Count occurences of True/False in column of dataframe
Use pd.Series.value_counts()
:
>> df = pd.DataFrame({'boolean_column': [True, False, True, False, True]})
>> df['boolean_column'].value_counts()
True 3
False 2
Name: boolean_column, dtype: int64
If you want to count False
and True
separately you can use pd.Series.sum()
+ ~
:
>> df['boolean_column'].values.sum() # True
3
>> (~df['boolean_column']).values.sum() # False
2
With Pandas, the natural way is using value_counts
:
df = pd.DataFrame({'A': [True, False, True, False, True]})
print(df['A'].value_counts())
# True 3
# False 2
# Name: A, dtype: int64
To calculate True
or False
values separately, don't compare against True
/ False
explicitly, just sum
and take the reverse Boolean via ~
to count False
values:
print(df['A'].sum()) # 3
print((~df['A']).sum()) # 2
This works because bool
is a subclass of int
, and the behaviour also holds true for Pandas series / NumPy arrays.
Alternatively, you can calculate counts using NumPy:
print(np.unique(df['A'], return_counts=True))
# (array([False, True], dtype=bool), array([2, 3], dtype=int64))
This alternative works for multiple columns and/or rows as well.
df[df==True].count(axis=0)
Will get you the total amount of True
values per column.
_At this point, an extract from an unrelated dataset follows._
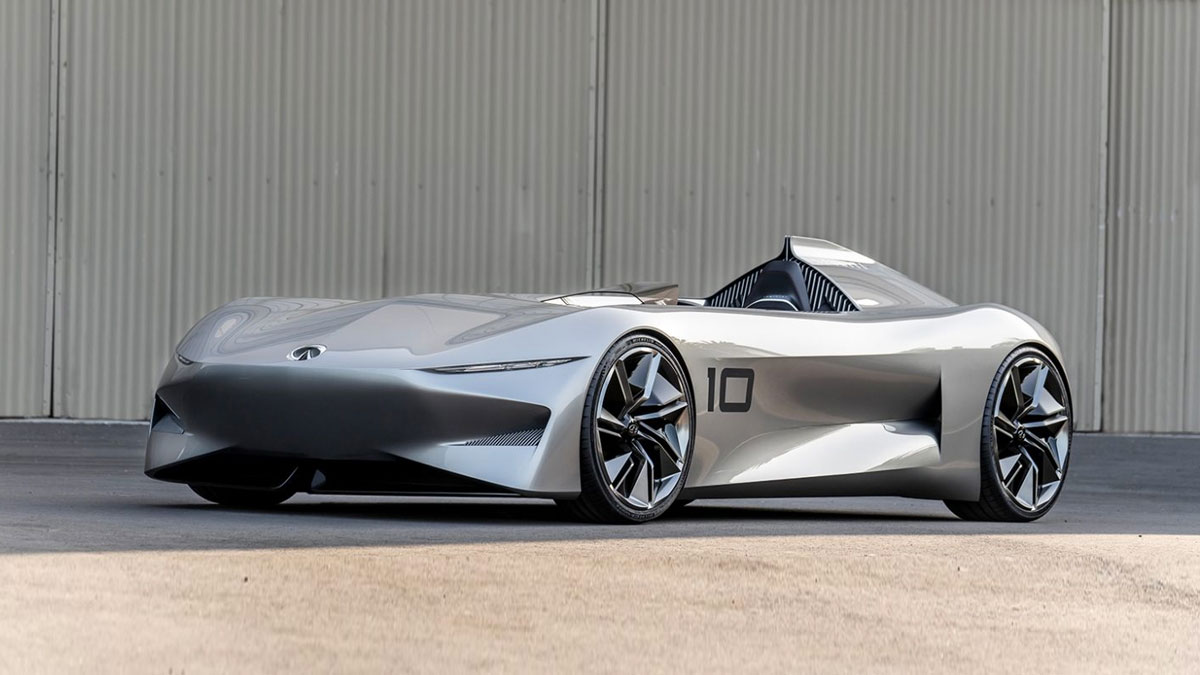 Infiniti Prototype 10 Concept Infiniti Prototype 10 Concept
For row-wise count, set axis=1
.
df[df==True].count().sum()
Adding a sum()
in the end will get you the total amount in the entire DataFrame.
I couldn't find here what I exactly need. I needed the number of True and False occurrences for further calculations, so I used:
true_count = (df['column']).value_counts()[True]
False_count = (df['column']).value_counts()[False]
Where df is your DataFrame and column is the column with booleans.